The inventor is the emancipator of mankind from the oppressive burden of toil, and hence the philanthropist should ever look with interest to the progress of invention, should ever be ready to cooperate with inventive genius. The Journal should be the inventor’s friend, and it hopes to see the time when the national institution that I have proposed shall be established, to bring blind, but all powerful, capital into co-operation with the wise, but often powerless, inventor.

Invention is the physical, as philosophy is the intellectual power, to complete the emancipation of mankind from slavery and suffering. “No,” would the theologian say, “your false philosophy ends in nothing. The world has been full of philosophies from Democritus to Hegel, and they have never lifted a single straw’s weight from the burden that oppresses all humanity. The real burden is sin, and religion alone can remove that, and bring in the kingdom of heaven on earth.”

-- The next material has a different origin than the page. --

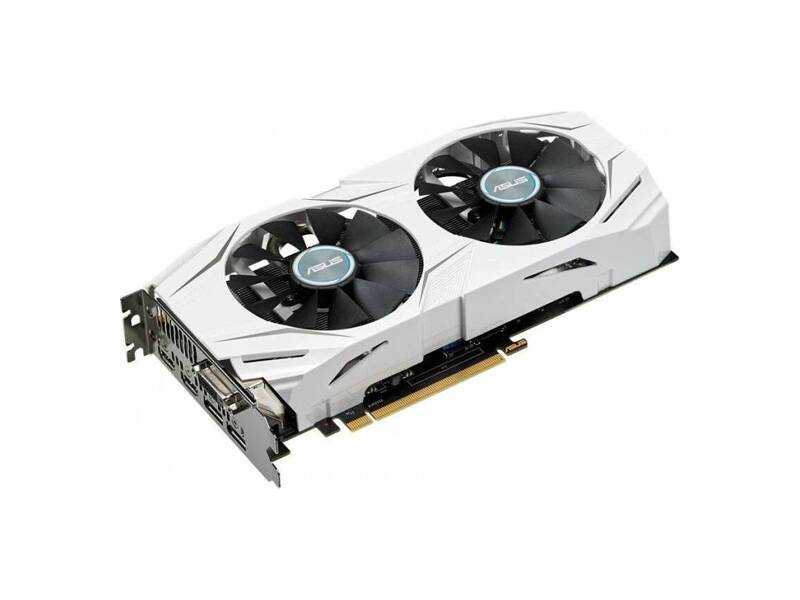 DUAL-GTX1070-O8G  ASUS PCI-E DUAL-GTX1070-O8G nVidia GeForce GTX 1070 8192Mb 256bit GDDR5 1607/ 8008 DVIx1/ HDMIx2/ DPx2/ HDCP Ret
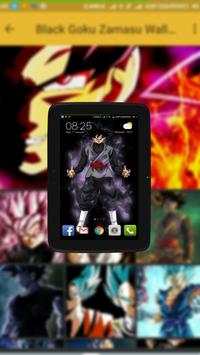 Black Goku Zamasu Wallpaper screenshot 5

Most true, Oh theologian, it is, that the false philosophies, from Democritus to Hegel, have done nothing for mankind but to becloud, bewilder, and enfeeble their intelligence, for the philosophies were born of empty vanity, which essayed to conquer the universe by cogitation without science, and not from any loving impulse to make life wiser and better. But your theologies have been almost as false as the philosophies. You have inverted the simple and pure religion of Jesus. You have taught the world that its governing power was not an infinite love, but an infinite hate, and that the chief purpose of creation was to furnish an unlimited amount of human agony, in eternal progress, to gratify the infinite tyrant, and, at the same time, please a few humble vassals whom terror alone had driven into his service. You have taught mankind, all too successfully, to imitate this superhuman monster, by the banishment, imprisonment, murder, or torture, of all who did not accept your insane and heartless teachings; and the bloody drama, which has been in full progress for at least fifteen centuries without one interval of pity or remorse, is coming to its end now, Oh theologians, simply because your power has waned, and mankind have partially outgrown their superstitious ignorance. Tennyson in his last poem has expressed the truth:

“‘Love your enemy, bless your haters,’ said the Greatest of the great,

Christian love among the churches looked the twin of heathen hate.

From the golden alms of blessing, man had coined himself a curse;

Rome of Cæsar, Rome of Peter,—which was crueler, which was worse?”

You are beginning, Oh theologians, to be ashamed of the history of your tribe, and to doubt in your own hearts the horrid creeds you are still teaching; and a few have even thrown them off entirely and joined in the movement of emancipation,—even Andover is uneasy beneath its old yoke. But the chief problem of progress is still to get rid of your creeds, and return to that simple, universal religion, of which Jesus was the most powerful teacher,—a religion that had no church, no creed, no intolerance, and which dealt only in that universal love to which all human souls respond when they receive it.

Yet never has this simple religion of Jesus appeared, nor any effort towards its imperfect realization, without provoking orthodox hostility; and never has science taken one bold step in advance to understand the Bible of creation, or the Divine wisdom embodied in the constitution of man, without finding all orthodox power arrayed against each step of progress, and your orthodox anathemas ready for each fearless seeker of the truth.

Never had astronomy, never had geology, never had phrenology, never had anthropology, one smile from the organized theological guardians of the ancient falsehood called orthodoxy. Neither had political liberty any better treatment than mental liberty. Neither the white man, the red man, nor the black man found friendship or protection until very recently in any orthodox church, for the church was invariably the ally of the despot. Witness all European history, witness the history of Mexico and South America,—witness the history of the United States,—witness the present condition of Europe, groaning under the mountain load of taxation to pay war debts, to sustain the cannon foundries, forts, ships, barracks, and, in a word, the armament of hell, for it is but a grand, prearranged plan for further homicide and devastation; and all—all, alas! established and sustained by a government inspired by the church, which falsely claims to represent the principles of Christ in its terribly apostate career!